Edson River Riparian Health Assessment Report 2000


Sheldon Kowalchuk and D'Arcy Campbell


A problem faced by conservation organizations wishing to conduct conservation, enhancement and protection programs in a geographical area is to determine the current state of habitat in the study area. The development of a riparian protection and enhancement program in the Alberta Conservation Association's Northern East Slopes (NES) region has resulted in the need to conduct assessments on priority streams. The Edson River is one stream in the NES that was identified as a high priority. Results from a field assessment in May, 2000 will help prioritise habitat that needs to be protected, and habitat where enhancement techniques could be used. 

The Edson River watershed is currently being affected by a variety of land-use practices ranging from forestry and oil and gas activity in the headwaters, to agricultural and residential development in the mid to lower reaches of the watershed. The close proximity of the stream to Edson has resulted in the development of a number of acreages overlooking the river. The demand for rural residential areas will likely continue into the future as more people seek out their own piece of nature. 

Overall the riparian areas that were assessed along the Edson River were in good condition, with the exception of some isolated areas. The areas being impacted by agricultural activities resulted in bank destabilization and a reduction in the amount of woody debris in the riparian area. Improved grazing management practices would likely result in improved bank stabilization, increased plant vigour and improved water quality in the Edson River. 

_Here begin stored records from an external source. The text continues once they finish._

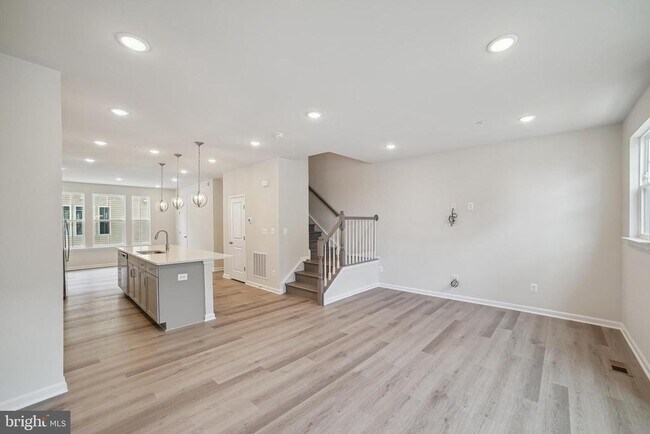 Photo - 2513 Gatwick Ln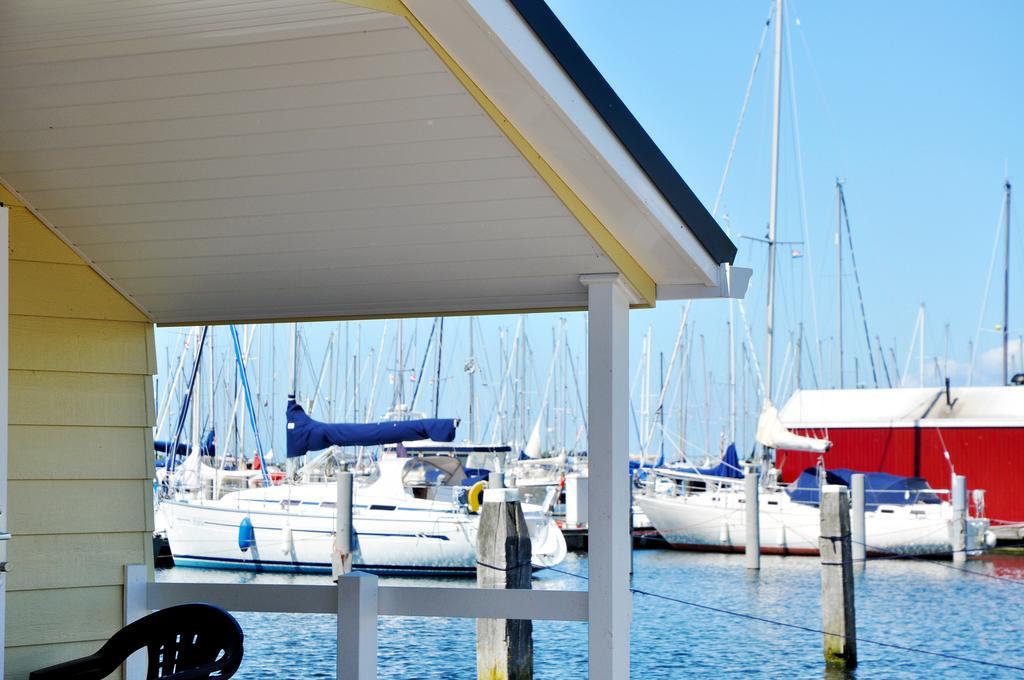 Bestmarine Waterchalets Flevo Marina Lelystad Room photo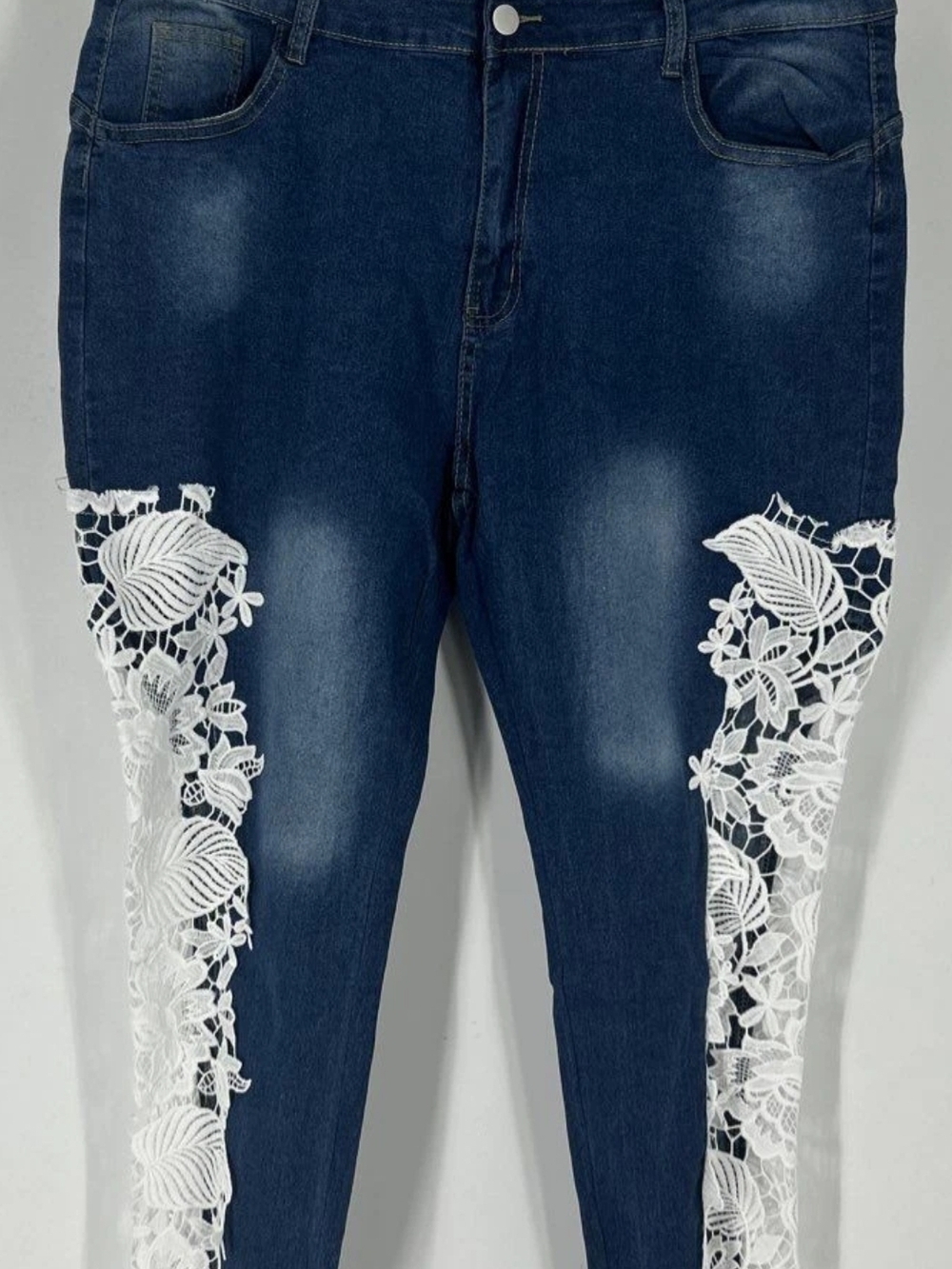 New! Women’s Dark Blue Jeans with White Lace Side Panels 3xl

Results from the riparian health assessment identified some relatively intact habitat that should be protected and also degraded habitat that needs to be enhanced. The first step that needs to occur in order to improve the health of the riparian areas along the Edson River are information and education initiatives aimed at promoting good stewardship practices. A public workshop held on March 1, 2001 was a good start, however the public needs to become more informed regarding natural stream processes and function.